The scapholunate ligament is a ligament of the wrist.

Rupture of the scapholunate ligament causes scapholunate instability, which, if untreated, will eventually cause a predictable pattern of wrist osteoarthritis called scapholunate advanced collapse (SLAC).

Anatomy
The scapholunate ligament is an intraarticular ligament binding the scaphoid and lunate bones of the wrist together. It is divided into three areas, dorsal, proximal and palmar, with the dorsal segment being the strongest part. It is the main stabilizer of the scaphoid. In contrast to the scapholunate ligament, the lunotriquetral ligament is more prominent on the palmar side.

Instability
Complete rupture of this ligament leads to wrist instability. The main type of such instability is dorsal intercalated segment instability (DISI) deformity, where the lunate angulates to the posterior side of the hand.

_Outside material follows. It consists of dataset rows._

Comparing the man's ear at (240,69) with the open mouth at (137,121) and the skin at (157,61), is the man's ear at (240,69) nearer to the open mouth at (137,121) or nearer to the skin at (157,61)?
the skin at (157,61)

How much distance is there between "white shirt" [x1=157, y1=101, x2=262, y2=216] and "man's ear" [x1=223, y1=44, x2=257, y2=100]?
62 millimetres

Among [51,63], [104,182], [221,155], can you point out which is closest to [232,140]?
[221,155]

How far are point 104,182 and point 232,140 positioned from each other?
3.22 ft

A dynamic scapholunate instability is where the scapholunate ligament is completely ruptured, but secondary scaphoid stabilizers are still preserved; these are the scaphotrapezial (ST), scaphocapitate (SC) and radioscaphocapitate (RSC) ligaments. In a static scapholunate instability, these other ligaments are ruptured as well.

Diagnosis
X-ray images indicate scapholunate ligament instability when the scapholunate distance is more than 3 mm, which is called scapholunate dissociation. A static scapholunate instability is generally readily visible, but a dynamic scapholunate instability can only be seen radiographically in certain wrist positions or under certain loading conditions, such as when clenching the wrist, or loading the wrist in ulnar deviation.

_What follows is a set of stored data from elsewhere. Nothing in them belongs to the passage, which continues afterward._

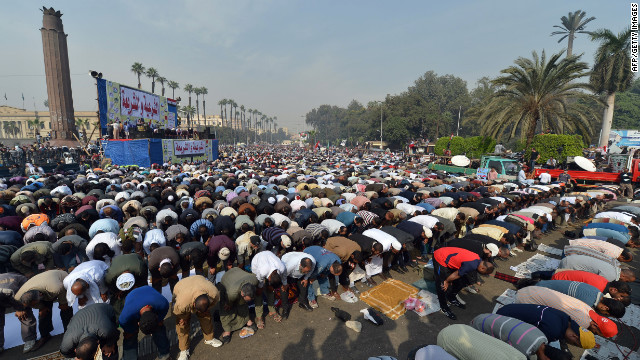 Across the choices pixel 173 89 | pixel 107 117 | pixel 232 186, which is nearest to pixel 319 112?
pixel 173 89

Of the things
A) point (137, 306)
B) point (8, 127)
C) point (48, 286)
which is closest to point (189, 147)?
point (48, 286)

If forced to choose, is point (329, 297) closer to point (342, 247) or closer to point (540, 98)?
point (342, 247)

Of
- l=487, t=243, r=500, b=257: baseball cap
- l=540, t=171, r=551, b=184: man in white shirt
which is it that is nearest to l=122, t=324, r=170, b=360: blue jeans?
l=487, t=243, r=500, b=257: baseball cap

In order to diagnose a SLAC wrist you need a posterior anterior (PA) view X-ray, a lateral view X-ray and a fist view X-ray. The fist X-ray is often made if there is no convincing Terry Thomas sign. A fist X-ray of a scapholunate ligament rupture will show a descending capitate bone. Making a fist will give pressure at the capitate, which will descend if there is a rupture in the scapholunate ligament.

The Watson's test may be used in diagnosis.

Treatment
Treatment will vary depending upon the degree of injury and can range from observation and direct ligament repair through to reconstruction.

Complications

Eventually, untreated scapholunate instability generally causes a predictable pattern of wrist osteoarthritis called scapholunate advanced collapse (SLAC).